Will liberalism continue to be successful?

Why does liberal society function as well as it does? Ordinary people and theoreticians complain about it, its proponents have trouble defending it coherently, and its imminent demise has been announced since long before any of us were born. Nonetheless, it is more widespread and firmly rooted than ever and in its development it goes from victory to victory. Most people aren’t willing to say so explicitly, but it is generally viewed as the final form of human society, a permanent achievement that has definitively triumphed and can never be superseded.

What is going on? Is liberalism strong in spite of seeming weakness or weak in spite of seeming strength? It is difficult to view such a dominant outlook from a perspective that is independent enough to allow assessment of its true strength.
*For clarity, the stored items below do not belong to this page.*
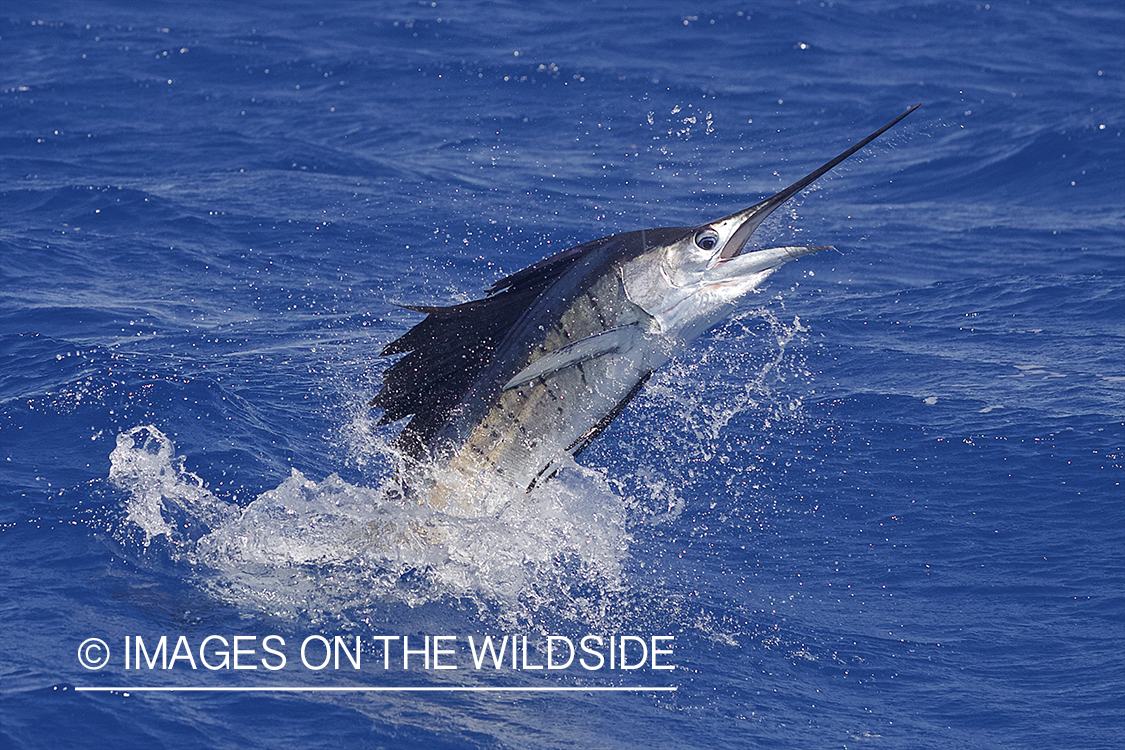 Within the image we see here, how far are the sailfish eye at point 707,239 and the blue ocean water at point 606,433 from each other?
2.97 feet

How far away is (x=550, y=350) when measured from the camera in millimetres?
6426

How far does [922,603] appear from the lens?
8.05 meters

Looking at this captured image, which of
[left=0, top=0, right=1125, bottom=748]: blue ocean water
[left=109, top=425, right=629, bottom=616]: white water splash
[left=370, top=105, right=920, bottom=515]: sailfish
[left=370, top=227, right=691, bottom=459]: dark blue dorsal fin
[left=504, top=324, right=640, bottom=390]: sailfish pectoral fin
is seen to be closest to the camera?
[left=504, top=324, right=640, bottom=390]: sailfish pectoral fin

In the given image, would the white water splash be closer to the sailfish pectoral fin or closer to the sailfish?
the sailfish

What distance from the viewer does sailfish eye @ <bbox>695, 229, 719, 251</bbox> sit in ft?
20.4

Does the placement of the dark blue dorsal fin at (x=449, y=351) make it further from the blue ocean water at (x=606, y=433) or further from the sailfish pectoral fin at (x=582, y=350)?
the blue ocean water at (x=606, y=433)

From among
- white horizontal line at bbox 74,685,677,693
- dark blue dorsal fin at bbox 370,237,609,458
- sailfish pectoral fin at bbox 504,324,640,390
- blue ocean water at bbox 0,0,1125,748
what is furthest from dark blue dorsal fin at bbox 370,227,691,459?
white horizontal line at bbox 74,685,677,693

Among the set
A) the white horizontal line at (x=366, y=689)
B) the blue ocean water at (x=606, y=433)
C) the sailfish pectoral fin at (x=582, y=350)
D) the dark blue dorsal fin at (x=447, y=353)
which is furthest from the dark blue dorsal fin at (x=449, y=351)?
the white horizontal line at (x=366, y=689)

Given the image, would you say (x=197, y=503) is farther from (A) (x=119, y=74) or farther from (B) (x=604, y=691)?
(A) (x=119, y=74)

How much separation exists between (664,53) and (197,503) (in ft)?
42.5

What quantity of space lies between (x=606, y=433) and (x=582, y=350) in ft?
11.6

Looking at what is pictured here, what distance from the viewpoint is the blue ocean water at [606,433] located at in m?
6.86


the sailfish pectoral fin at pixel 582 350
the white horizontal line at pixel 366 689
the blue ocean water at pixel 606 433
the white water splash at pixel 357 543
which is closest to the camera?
the sailfish pectoral fin at pixel 582 350

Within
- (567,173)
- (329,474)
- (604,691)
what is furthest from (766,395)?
(567,173)
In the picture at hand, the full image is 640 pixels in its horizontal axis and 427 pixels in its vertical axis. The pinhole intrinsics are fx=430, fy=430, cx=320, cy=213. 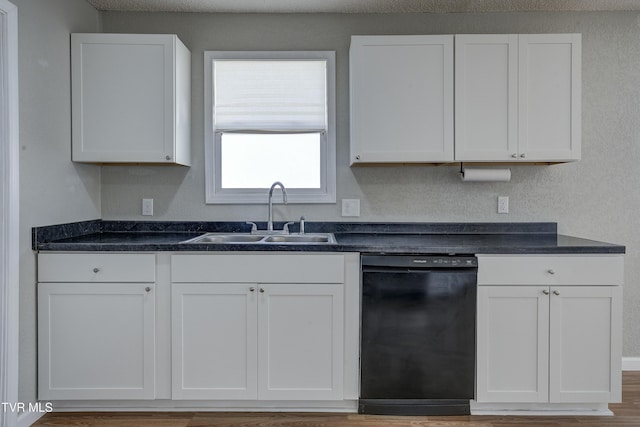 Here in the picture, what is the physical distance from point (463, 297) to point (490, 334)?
244mm

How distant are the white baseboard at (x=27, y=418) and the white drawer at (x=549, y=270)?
7.84 ft

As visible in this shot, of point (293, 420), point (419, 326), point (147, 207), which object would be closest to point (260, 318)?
point (293, 420)

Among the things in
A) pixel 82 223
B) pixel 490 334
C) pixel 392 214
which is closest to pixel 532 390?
pixel 490 334

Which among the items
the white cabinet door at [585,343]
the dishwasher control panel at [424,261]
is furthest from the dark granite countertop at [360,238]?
the white cabinet door at [585,343]

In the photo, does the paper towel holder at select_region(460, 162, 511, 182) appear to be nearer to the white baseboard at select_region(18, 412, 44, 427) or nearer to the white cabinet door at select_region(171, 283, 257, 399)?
the white cabinet door at select_region(171, 283, 257, 399)

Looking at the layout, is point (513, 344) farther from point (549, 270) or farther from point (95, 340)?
point (95, 340)

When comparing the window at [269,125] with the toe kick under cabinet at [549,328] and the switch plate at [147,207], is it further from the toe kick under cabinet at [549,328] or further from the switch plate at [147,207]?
the toe kick under cabinet at [549,328]

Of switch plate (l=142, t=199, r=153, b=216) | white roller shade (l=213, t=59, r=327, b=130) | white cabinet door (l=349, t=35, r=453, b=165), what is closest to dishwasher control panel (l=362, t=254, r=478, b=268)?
white cabinet door (l=349, t=35, r=453, b=165)

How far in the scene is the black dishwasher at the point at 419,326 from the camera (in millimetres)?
2186

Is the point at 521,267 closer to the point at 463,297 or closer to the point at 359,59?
the point at 463,297

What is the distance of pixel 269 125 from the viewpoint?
2871mm

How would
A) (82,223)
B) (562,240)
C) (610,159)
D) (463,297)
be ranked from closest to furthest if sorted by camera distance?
(463,297)
(562,240)
(82,223)
(610,159)

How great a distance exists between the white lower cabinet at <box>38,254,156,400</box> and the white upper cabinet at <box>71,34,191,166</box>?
67cm

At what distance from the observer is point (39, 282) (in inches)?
87.0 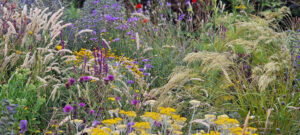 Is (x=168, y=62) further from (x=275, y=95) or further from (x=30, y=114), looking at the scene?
(x=30, y=114)

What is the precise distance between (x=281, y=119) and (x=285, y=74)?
0.76 m

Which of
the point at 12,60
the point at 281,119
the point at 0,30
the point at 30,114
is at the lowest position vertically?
the point at 281,119

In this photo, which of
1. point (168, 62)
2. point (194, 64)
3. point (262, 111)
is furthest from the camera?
point (168, 62)

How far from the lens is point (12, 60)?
13.3 ft

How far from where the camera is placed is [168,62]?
525 centimetres

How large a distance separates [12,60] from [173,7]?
5.23 m

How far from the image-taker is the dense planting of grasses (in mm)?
2965

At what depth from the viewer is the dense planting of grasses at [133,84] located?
2965mm

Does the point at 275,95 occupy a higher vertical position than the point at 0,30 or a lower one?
lower

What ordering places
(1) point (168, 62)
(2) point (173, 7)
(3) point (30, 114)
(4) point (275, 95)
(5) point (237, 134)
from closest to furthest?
(5) point (237, 134) → (3) point (30, 114) → (4) point (275, 95) → (1) point (168, 62) → (2) point (173, 7)

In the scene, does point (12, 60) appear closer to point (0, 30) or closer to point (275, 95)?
point (0, 30)

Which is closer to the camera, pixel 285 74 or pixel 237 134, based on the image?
pixel 237 134

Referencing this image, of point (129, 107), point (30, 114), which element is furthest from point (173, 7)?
point (30, 114)

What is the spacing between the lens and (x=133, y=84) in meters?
4.66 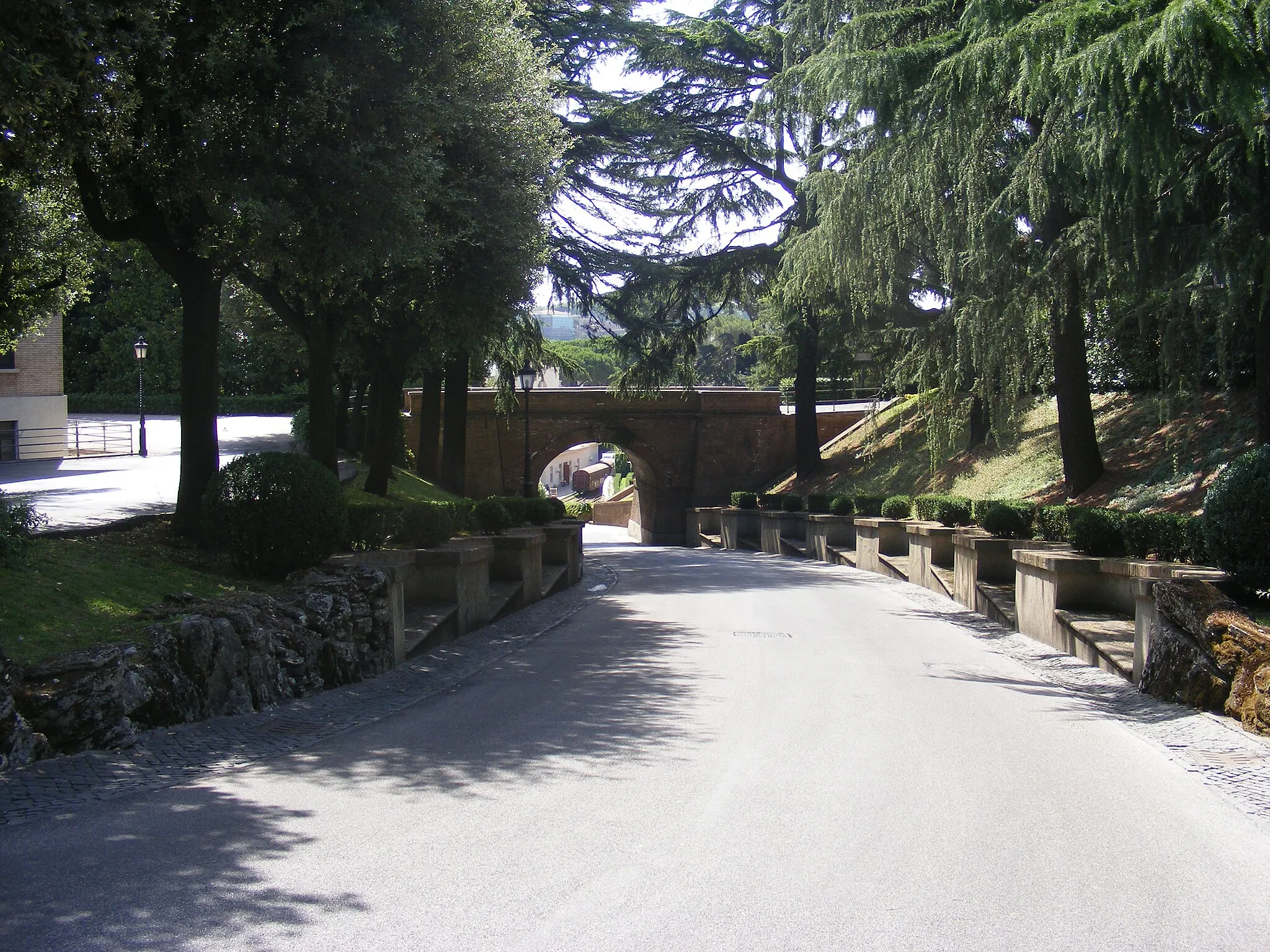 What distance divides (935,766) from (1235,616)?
3.03m

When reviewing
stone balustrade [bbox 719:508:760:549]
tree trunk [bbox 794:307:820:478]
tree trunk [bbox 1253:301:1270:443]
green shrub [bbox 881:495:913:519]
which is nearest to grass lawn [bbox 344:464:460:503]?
green shrub [bbox 881:495:913:519]

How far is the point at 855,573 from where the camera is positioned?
23.4 m

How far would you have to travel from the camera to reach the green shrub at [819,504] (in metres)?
28.8

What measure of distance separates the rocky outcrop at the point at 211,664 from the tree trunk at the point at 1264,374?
33.4 feet

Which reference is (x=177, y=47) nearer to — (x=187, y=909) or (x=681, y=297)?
(x=187, y=909)

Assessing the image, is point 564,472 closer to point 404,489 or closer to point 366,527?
point 404,489

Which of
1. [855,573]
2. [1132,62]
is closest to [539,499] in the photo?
[855,573]

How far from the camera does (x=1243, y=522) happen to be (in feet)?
29.6

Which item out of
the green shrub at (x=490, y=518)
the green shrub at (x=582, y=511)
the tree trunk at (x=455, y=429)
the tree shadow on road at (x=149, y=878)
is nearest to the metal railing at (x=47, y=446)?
the tree trunk at (x=455, y=429)

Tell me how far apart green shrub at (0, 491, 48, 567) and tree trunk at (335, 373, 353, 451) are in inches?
623

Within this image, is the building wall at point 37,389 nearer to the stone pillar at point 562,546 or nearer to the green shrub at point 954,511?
the stone pillar at point 562,546

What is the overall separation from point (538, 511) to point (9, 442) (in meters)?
18.7

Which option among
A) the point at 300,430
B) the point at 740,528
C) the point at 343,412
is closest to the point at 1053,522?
the point at 300,430

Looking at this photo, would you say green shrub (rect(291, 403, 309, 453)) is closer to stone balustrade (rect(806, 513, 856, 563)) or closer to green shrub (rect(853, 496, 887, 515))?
stone balustrade (rect(806, 513, 856, 563))
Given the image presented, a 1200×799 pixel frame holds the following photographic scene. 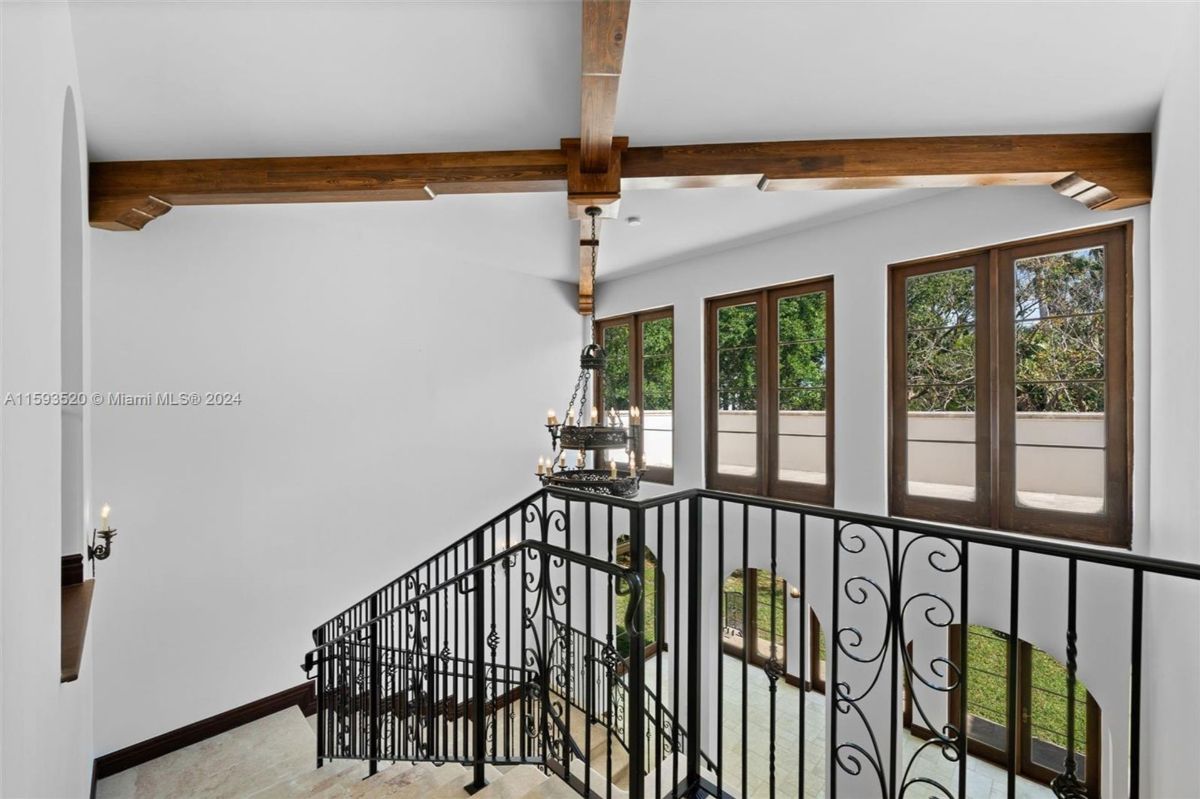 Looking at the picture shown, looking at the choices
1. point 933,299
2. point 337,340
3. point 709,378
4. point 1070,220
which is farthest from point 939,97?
point 337,340

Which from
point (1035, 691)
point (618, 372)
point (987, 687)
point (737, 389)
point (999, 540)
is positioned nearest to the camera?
point (999, 540)

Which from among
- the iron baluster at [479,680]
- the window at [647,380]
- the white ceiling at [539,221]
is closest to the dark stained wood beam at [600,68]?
the white ceiling at [539,221]

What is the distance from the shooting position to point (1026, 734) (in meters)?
4.09

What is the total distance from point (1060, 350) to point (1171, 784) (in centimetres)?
229

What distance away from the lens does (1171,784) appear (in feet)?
7.64

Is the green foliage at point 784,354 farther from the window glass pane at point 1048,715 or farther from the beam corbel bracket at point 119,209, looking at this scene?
the beam corbel bracket at point 119,209

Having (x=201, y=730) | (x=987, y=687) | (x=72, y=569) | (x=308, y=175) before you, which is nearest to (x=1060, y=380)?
(x=987, y=687)

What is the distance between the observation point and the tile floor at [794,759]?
13.5 feet

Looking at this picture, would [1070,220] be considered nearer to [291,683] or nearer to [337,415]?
[337,415]

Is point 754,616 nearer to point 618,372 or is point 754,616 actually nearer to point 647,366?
point 647,366

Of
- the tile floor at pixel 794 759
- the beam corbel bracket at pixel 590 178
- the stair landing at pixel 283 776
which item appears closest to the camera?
the stair landing at pixel 283 776

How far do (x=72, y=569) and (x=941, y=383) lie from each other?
524cm

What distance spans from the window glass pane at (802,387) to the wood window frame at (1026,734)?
156 cm

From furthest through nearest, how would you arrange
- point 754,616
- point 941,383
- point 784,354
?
point 754,616 < point 784,354 < point 941,383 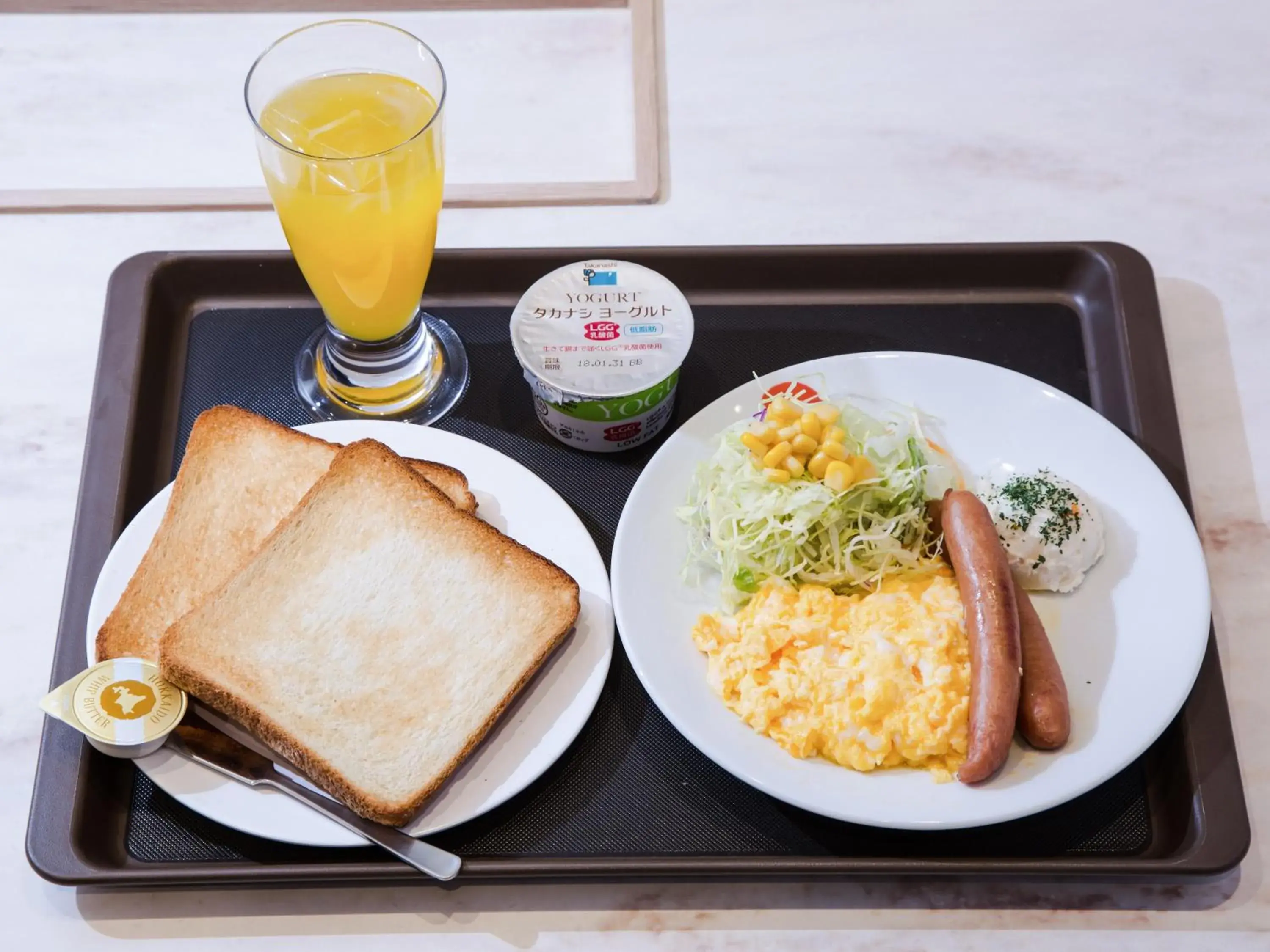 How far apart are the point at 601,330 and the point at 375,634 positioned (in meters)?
0.70

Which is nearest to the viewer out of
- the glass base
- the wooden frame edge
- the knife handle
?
the knife handle

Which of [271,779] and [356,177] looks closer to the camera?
[271,779]

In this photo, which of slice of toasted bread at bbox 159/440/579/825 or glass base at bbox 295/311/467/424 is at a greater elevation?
glass base at bbox 295/311/467/424

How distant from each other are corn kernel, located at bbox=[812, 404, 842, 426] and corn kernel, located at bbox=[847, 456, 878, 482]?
0.08 meters

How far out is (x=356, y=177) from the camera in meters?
1.98

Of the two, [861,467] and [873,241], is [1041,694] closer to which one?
[861,467]

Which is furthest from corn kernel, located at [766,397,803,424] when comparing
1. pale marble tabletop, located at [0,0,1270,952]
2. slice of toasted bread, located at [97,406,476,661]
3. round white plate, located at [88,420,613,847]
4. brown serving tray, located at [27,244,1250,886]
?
pale marble tabletop, located at [0,0,1270,952]

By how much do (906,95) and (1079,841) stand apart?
1873 mm

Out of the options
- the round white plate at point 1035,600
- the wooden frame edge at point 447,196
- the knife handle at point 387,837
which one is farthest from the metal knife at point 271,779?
the wooden frame edge at point 447,196

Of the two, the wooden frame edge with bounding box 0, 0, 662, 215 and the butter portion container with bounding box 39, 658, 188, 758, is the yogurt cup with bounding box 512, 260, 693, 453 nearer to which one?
the wooden frame edge with bounding box 0, 0, 662, 215

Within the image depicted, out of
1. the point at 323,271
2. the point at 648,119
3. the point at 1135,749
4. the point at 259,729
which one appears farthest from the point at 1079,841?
the point at 648,119

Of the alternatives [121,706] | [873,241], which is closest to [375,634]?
[121,706]

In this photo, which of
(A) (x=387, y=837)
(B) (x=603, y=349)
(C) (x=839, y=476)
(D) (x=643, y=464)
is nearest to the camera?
(A) (x=387, y=837)

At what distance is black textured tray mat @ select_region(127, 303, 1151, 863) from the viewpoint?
74.4 inches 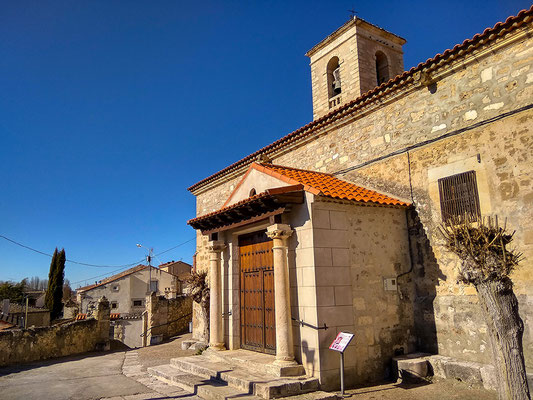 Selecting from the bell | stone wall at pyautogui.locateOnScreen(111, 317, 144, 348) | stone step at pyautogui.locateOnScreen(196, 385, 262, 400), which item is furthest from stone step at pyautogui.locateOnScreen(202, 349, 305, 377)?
stone wall at pyautogui.locateOnScreen(111, 317, 144, 348)

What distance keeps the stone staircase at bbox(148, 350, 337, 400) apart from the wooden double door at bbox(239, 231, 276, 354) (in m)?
0.30

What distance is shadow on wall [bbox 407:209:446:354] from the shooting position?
23.1ft

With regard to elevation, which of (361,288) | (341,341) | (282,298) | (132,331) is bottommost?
(132,331)

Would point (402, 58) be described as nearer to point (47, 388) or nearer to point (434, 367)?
point (434, 367)

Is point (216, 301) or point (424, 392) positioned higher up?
point (216, 301)

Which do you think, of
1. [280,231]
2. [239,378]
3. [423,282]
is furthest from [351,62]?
[239,378]

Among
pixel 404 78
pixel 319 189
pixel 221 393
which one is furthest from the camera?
pixel 404 78

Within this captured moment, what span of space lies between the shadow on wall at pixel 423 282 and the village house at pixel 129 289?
3238 cm

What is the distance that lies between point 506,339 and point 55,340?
12910 millimetres

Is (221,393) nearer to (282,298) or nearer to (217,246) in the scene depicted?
(282,298)

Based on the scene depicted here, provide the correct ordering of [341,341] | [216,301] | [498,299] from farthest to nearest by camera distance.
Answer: [216,301] → [341,341] → [498,299]

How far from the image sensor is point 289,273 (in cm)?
685

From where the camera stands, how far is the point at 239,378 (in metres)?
6.26

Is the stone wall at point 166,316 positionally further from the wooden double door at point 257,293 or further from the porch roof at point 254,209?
the wooden double door at point 257,293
Several lines of thought seem relevant, however:

  • Liberalism is associated with other things that counteract its effects and make possible non-traditional ways of doing things, for example modern natural science and technology, which multiply both wealth and power over nature and society, and thus make up for weaker social connections.
  • It is farthest advanced in the societies that can afford it, those with steady and lawful habits, and it finds methods—public education, bureaucratic careerism, development and centralization of the media of communication, weakening of independent forms of social organization—to keep the habits of the people in line with its requirements.
  • It is a tendency rather than a system, and on the whole has moved slowly and cautiously. It has generally avoided pushing its principles to the limit and destroying completely the things it opposes but depends upon, such as traditional family and similar relationships. Also, it develops partial substitutes for what it destroys. Even though liberalism can’t base family relations on anything but contract or arbitrary sentimental attachment, and therefore has no way to understand sexual differences, it took hundreds of years for it to draw the obvious conclusions with regard to sex roles and homosexuality, and then only when it seemed possible to fill the gap created by family disorder with bureaucratized social services and daycare, including a greatly expanded system of public “education,” and to some extent to substitute immigration for childbearing.
As time has passed and antiliberal institutions and views fallen into disarray liberal restraint has weakened greatly. The ’60s were decisive in that process. It seems therefore that post-60s liberationist liberalism can’t appeal to the long historical success of preceeding forms of liberalism as reason to think it will be similarly successful. That is the element of truth in neoconservatism.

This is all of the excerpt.